# Geek Squad



## simon.exe (Apr 12, 2009)

I have heard a lot of negative things on this forum about Geek Squad, some of which are valid, but others that are completely bogus (one in particular posted by "dr911"). So the purpose of this post is to basically find out how you guys feel about the Agents over at Geek Squad. Any input will be taken no matter how positive or negative. Just wanna know how everyone feels about either their experiences or what they've heard. If you dont care, dont post cause I know this isnt really important, but for those who care I'm all ears (or eyes whatever). :up::down:


----------



## akaHothead (Apr 1, 2009)

Don't know if this is the same group, but Circuit City, when in business, had their own Geek Squad.
Those jokers couldn't find their own **** with both hands and a map.
One of the members couldn't even find Crucial on-line to see what type of RAM a customers machine took. I was on the side and watching over his shoulder and watched him mis-spell the name 5 (count them 5 ) times. Tried to tell the lady the site was down. Earned me the dirtiest look from him when I corrected his spelling and it came right up.
THEN he couldn't find her machines manufacturer. How hard is IBM to find?
Either he was the dumbest of the dumb, or he had something "better" that he would rather have been doing.


----------



## dr911 (Sep 21, 2005)

simon.exe said:


> I have heard a lot of negative things on this forum about Geek Squad, some of which are valid, but others that are completely bogus (one in particular posted by "dr911"). So the purpose of this post is to basically find out how you guys feel about the Agents over at Geek Squad. Any input will be taken no matter how positive or negative. Just wanna know how everyone feels about either their experiences or what they've heard. If you dont care, dont post cause I know this isnt really important, but for those who care I'm all ears (or eyes whatever). :up::down:


 Welcome to TGF.......simon.exe !!!

Google.....Geek Squad on Google & see how many complaints and lawsuits are listed, this may give yourself some insight.


----------



## JohnWill (Oct 19, 2002)

simon.exe said:


> I have heard a lot of negative things on this forum about Geek Squad, some of which are valid, but others that are completely bogus (one in particular posted by "dr911").
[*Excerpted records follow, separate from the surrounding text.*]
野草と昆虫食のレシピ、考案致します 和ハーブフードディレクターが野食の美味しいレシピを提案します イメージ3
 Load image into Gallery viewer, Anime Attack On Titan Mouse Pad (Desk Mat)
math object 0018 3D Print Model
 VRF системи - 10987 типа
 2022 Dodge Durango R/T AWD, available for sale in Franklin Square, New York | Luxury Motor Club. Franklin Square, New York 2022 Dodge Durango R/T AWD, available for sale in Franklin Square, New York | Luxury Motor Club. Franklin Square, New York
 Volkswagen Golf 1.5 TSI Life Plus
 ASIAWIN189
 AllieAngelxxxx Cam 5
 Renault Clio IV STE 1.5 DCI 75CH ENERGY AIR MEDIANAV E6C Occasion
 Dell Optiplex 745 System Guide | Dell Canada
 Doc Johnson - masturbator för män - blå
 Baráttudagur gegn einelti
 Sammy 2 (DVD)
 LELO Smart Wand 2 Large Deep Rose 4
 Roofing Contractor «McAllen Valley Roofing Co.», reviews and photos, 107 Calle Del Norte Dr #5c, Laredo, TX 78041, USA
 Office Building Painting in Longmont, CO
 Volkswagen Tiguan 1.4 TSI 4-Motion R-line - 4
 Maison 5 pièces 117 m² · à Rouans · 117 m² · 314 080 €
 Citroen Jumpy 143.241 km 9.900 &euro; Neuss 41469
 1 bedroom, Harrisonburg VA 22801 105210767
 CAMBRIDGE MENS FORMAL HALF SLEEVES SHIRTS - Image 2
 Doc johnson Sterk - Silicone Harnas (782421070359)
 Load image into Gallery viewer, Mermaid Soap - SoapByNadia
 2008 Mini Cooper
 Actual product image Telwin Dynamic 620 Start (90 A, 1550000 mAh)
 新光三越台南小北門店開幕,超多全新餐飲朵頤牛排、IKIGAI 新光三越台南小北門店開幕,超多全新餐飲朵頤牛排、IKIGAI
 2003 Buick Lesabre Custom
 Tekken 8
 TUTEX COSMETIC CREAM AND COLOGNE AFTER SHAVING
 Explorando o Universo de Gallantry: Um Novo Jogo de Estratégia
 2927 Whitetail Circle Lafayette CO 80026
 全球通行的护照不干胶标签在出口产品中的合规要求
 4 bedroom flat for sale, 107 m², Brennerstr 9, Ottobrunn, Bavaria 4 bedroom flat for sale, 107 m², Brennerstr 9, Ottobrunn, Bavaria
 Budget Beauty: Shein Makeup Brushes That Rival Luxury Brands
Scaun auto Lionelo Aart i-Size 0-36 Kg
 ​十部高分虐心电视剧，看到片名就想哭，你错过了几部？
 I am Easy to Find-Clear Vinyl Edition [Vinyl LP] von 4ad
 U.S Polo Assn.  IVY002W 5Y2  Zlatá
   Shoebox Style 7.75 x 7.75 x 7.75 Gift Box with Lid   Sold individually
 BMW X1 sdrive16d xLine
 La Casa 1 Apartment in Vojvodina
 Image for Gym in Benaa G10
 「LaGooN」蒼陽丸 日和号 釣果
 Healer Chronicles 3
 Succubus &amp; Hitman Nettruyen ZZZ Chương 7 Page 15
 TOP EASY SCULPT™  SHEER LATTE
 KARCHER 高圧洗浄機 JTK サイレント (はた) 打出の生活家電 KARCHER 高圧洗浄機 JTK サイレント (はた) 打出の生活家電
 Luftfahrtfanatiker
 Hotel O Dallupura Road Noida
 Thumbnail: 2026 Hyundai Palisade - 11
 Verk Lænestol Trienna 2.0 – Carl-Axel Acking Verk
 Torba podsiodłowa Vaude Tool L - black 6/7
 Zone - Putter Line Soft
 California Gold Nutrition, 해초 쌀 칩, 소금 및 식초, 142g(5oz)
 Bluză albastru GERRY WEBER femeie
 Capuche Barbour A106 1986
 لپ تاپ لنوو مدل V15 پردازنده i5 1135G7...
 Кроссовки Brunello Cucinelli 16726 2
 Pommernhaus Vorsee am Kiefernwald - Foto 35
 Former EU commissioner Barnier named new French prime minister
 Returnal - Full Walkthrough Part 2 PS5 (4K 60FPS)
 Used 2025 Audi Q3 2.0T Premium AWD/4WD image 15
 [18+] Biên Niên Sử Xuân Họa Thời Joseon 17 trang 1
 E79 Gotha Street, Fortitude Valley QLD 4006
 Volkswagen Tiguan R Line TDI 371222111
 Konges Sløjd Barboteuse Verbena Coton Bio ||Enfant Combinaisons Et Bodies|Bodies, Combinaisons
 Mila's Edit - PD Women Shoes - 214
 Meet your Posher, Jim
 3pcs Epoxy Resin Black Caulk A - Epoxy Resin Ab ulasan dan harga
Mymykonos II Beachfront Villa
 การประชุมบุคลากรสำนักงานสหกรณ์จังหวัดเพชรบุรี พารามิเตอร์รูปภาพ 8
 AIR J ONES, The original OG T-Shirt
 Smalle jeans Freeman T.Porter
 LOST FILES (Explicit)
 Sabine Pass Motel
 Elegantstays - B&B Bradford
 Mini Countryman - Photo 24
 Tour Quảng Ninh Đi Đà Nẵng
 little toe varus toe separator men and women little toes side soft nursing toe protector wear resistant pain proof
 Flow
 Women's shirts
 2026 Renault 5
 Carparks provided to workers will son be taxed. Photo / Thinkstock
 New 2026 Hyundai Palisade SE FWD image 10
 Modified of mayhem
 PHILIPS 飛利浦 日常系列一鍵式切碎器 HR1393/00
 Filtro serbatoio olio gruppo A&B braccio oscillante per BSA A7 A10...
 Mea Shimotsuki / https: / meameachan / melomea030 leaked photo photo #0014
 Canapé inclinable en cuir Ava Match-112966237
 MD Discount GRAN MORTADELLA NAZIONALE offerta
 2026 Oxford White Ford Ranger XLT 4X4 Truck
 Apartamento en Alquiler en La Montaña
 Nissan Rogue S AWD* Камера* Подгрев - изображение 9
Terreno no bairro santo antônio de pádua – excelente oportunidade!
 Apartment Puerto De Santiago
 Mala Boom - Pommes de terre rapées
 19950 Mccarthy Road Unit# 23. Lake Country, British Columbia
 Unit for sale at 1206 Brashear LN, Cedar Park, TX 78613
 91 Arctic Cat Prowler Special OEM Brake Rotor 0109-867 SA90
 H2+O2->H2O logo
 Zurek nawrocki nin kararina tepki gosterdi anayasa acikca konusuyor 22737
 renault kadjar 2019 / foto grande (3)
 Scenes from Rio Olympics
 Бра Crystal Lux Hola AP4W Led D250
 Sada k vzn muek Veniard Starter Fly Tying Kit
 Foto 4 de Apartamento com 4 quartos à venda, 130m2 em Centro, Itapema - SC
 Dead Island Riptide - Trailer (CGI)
Because you don't agree with his post it's bogus? I think you'll have to do better than that! How about some actual evidence that it's not bogus?


----------



## akaHothead (Apr 1, 2009)

Well, mine isn't bogus. Eyes on experience.
If the rest were as bad as the one I ran into, no wonder the company went under.


----------



## Noyb (May 25, 2005)

Just cause I think this is funny .. 
A local PC shop got a computer that was checked out by the Geek Squad.
The Geek Squad couldn't figure out what was wrong.

Seems like the owner was trying to build his own computer ..
And when he installed the Mobo .. He did NOT use the standoffs.


----------



## akaHothead (Apr 1, 2009)

Typical of them.Don't(didn't) do what they were supposed to do, then charge an arm and a leg for nothing.


----------